Via libera all’emersione: la decisione della Consulta
La Corte Costituzionale, con sentenza n. 6 del 22 gennaio 2026, ha dichiarato illegittimo l’art. 103, comma 10, lettera b), del decreto-legge n. 34/2020, come convertito. La norma, secondo la Consulta, violava l’art. 3 della Costituzione nella parte in cui impediva la regolarizzazione dei lavoratori stranieri segnalati nel Sistema d’informazione Schengen (SIS) per violazioni delle norme sull’ingresso e soggiorno. La questione era stata sollevata dal Consiglio di Stato. La decisione rimuove un ostacolo all’emersione del lavoro irregolare.
Il caso: diniego di permesso per segnalazione Schengen
La vicenda nasce dal ricorso di un cittadino straniero a cui era stato negato il permesso di soggiorno ex art. 103 del d.l. n. 34/2020. Il diniego si basava su una segnalazione nel SIS per ingresso irregolare in Francia. Il Consiglio di Stato, chiamato a pronunciarsi, ha sollevato la questione di legittimità costituzionale, ritenendo irragionevole l’automatismo ostativo della segnalazione Schengen. L’Avvocatura dello Stato aveva prodotto una nota del Ministero dell’Interno indicante un “divieto amministrativo di rientro” come ragione della segnalazione.
Ragionevolezza e Schengen: i principi violati
La Corte Costituzionale ha ritenuto fondate le censure relative alla violazione dell’art. 3 Cost. La norma censurata, infatti, contrasta con la ratio dell’art. 103 del d.l. n. 34/2020, che mira a regolarizzare la posizione di chi è già presente in Italia senza titolo di soggiorno. Inoltre, crea una disparità di trattamento tra chi entra irregolarmente direttamente in Italia e chi transita da altri paesi Schengen. La Consulta ha esaminato anche la normativa Schengen (Convenzione di Schengen e regolamento UE 2018/1861), sottolineando che essa non impone un divieto assoluto di regolarizzazione, ma prevede una valutazione caso per caso.

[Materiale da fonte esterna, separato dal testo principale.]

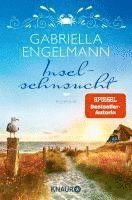 Inselsehnsucht (hftad)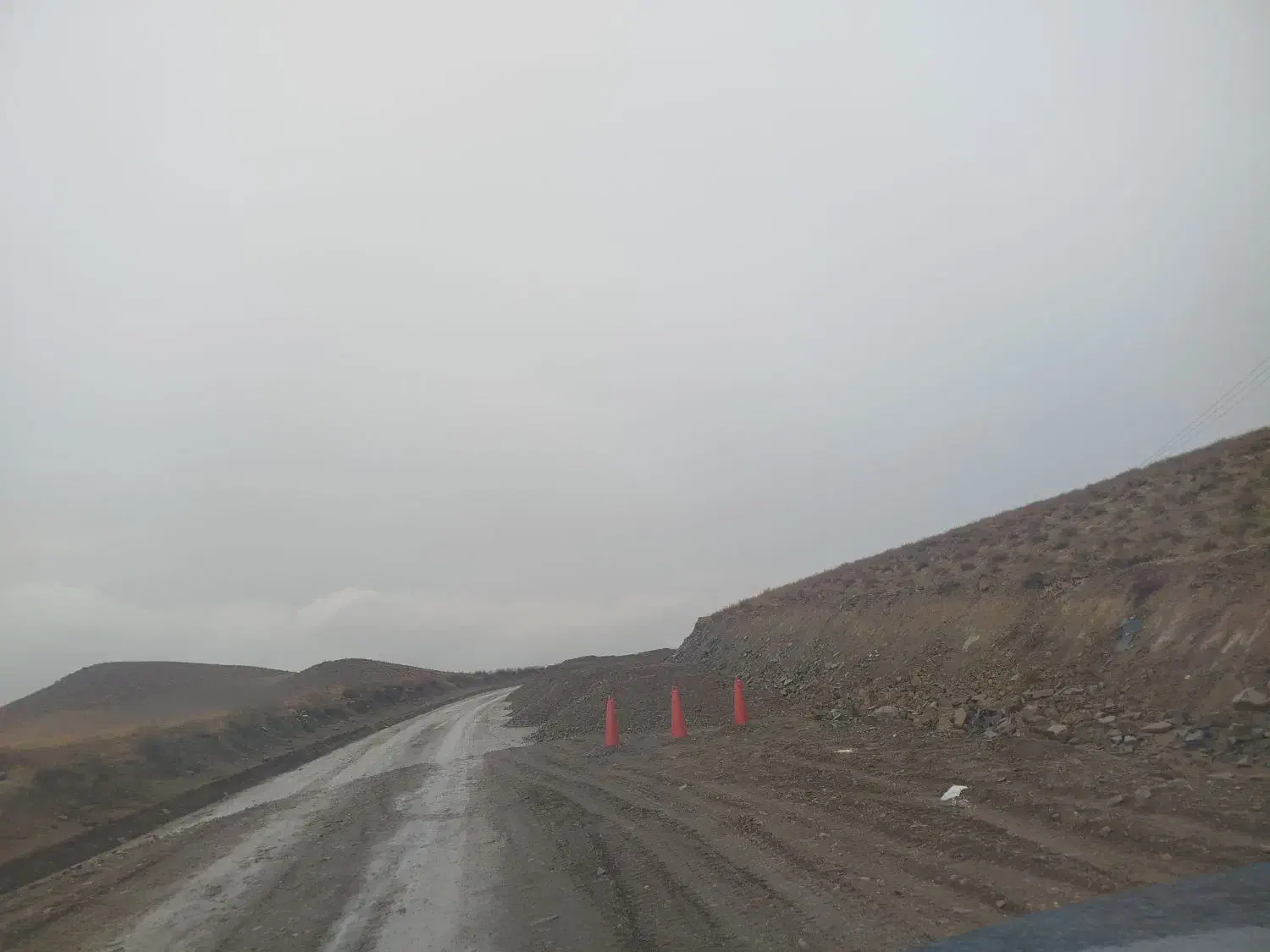 استخدام نقشه بردار جوان|استخدام معماری، عمران و ساختمانی|مشهد, دانشجو|دیوار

Impatto della sentenza: valutazioni caso per caso
La sentenza della Corte Costituzionale impone una revisione delle prassi amministrative. D’ora in poi, la segnalazione nel Sistema d’informazione Schengen per violazioni delle norme sull’ingresso e soggiorno non potrà essere automaticamente ostativa all’emersione del lavoro irregolare. Le autorità competenti dovranno valutare caso per caso, tenendo conto delle circostanze concrete e della pericolosità del soggetto. La decisione favorisce l’integrazione dei lavoratori stranieri e contrasta il lavoro nero, pur nel rispetto della sicurezza pubblica.